(PROVIDED DATA begins)

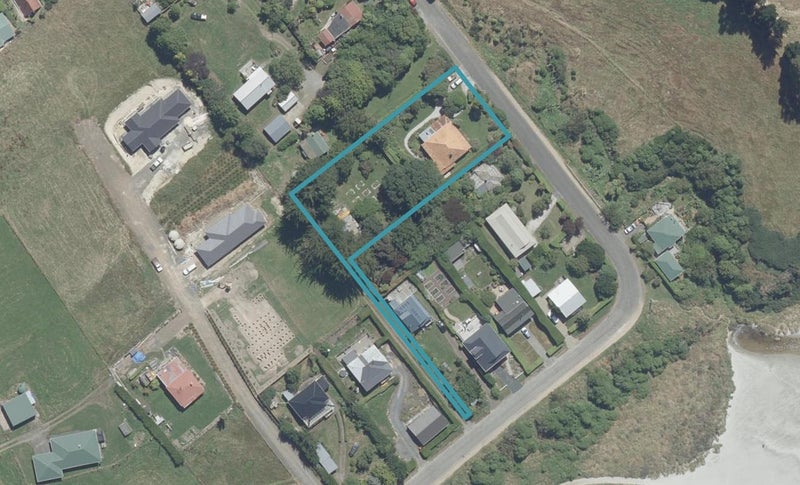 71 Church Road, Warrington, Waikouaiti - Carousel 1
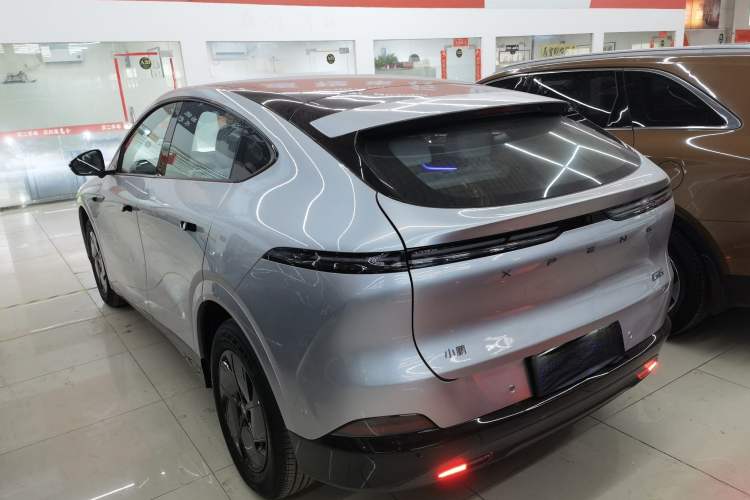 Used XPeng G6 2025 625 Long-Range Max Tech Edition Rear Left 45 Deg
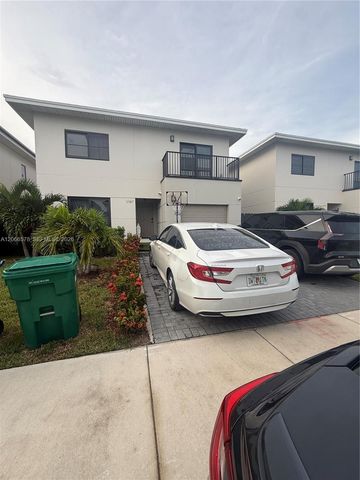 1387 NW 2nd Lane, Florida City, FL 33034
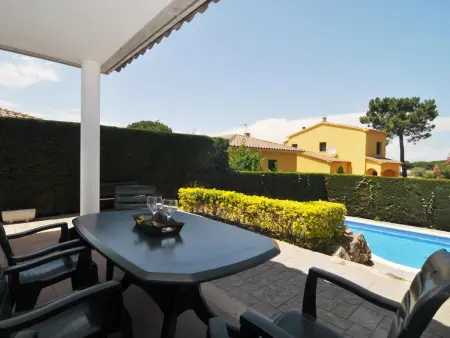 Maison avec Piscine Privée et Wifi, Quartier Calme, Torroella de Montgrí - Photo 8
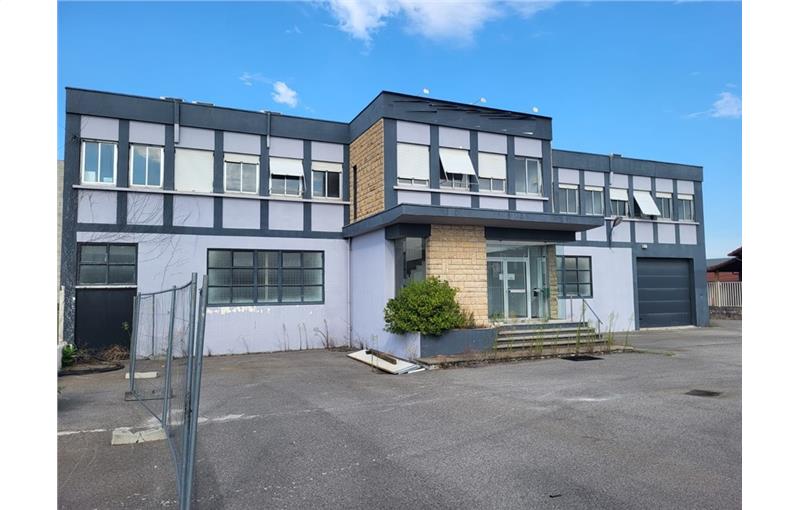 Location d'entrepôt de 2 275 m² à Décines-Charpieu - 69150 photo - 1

(PROVIDED DATA ends)

Could every line above be set down exactly, with the pictures omitted?

 71 Church Road, Warrington, Waikouaiti - Carousel 1
 Used XPeng G6 2025 625 Long-Range Max Tech Edition Rear Left 45 Deg
 1387 NW 2nd Lane, Florida City, FL 33034
 Maison avec Piscine Privée et Wifi, Quartier Calme, Torroella de Montgrí - Photo 8
 Location d'entrepôt de 2 275 m² à Décines-Charpieu - 69150 photo - 1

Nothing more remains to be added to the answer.